-- TO DO --
Find the line below with "Sleek Black Cylinder" and the line with "MGA LOL Surprise". Output them and the lines between, exactly, but not the pictures.

-- SUPPLIED MATERIAL --
· · · ·

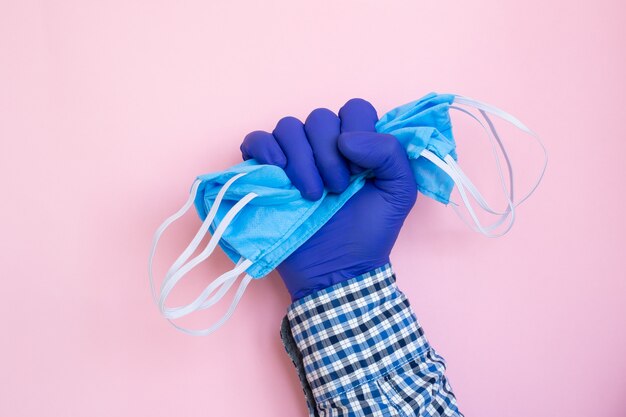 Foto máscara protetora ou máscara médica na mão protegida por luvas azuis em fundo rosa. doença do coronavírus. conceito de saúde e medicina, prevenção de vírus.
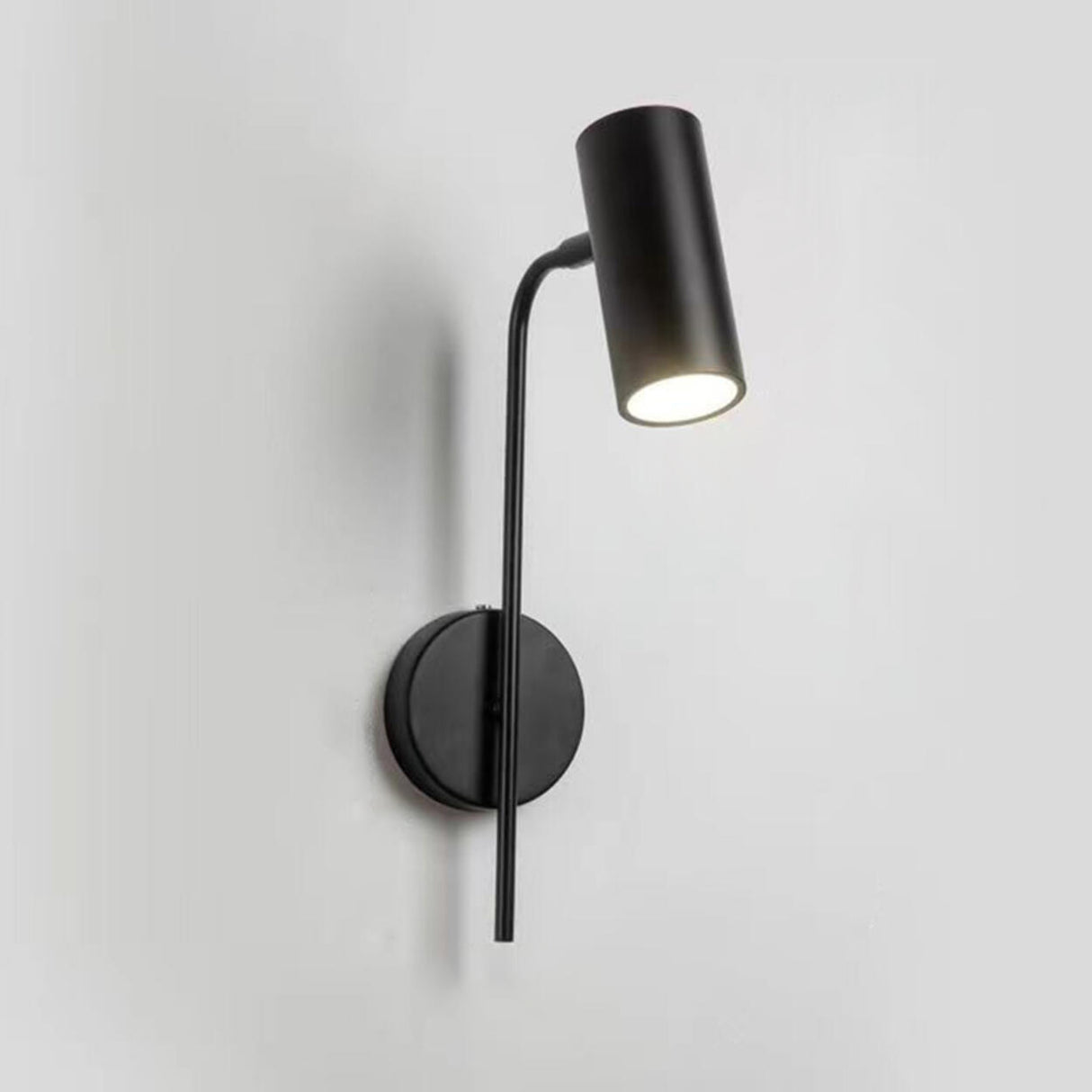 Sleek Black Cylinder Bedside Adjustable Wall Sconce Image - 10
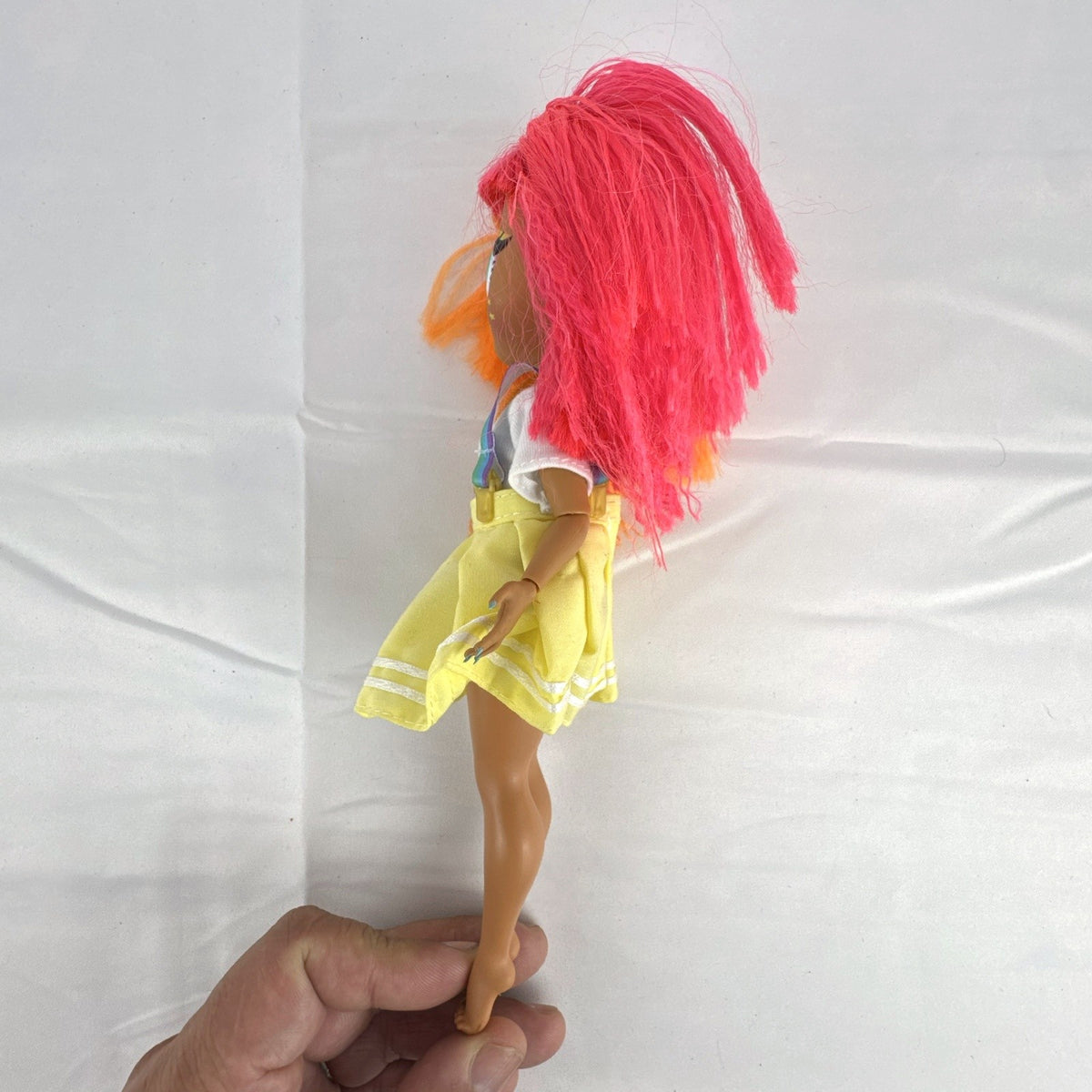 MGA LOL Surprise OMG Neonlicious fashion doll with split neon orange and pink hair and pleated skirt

· · · ·

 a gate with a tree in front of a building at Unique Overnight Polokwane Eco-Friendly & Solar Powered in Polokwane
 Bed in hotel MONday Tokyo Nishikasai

· · · ·

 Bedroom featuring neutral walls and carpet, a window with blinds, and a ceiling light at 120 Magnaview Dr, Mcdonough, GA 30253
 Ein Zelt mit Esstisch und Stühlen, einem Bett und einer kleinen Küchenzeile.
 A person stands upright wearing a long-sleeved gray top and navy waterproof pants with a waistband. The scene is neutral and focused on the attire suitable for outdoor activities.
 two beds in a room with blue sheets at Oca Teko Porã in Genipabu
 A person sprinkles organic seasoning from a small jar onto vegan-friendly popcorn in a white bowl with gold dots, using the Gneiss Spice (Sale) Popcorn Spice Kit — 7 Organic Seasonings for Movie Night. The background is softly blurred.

· · · ·

-- FINISHED EXERCISE --
 Sleek Black Cylinder Bedside Adjustable Wall Sconce Image - 10
 MGA LOL Surprise OMG Neonlicious fashion doll with split neon orange and pink hair and pleated skirt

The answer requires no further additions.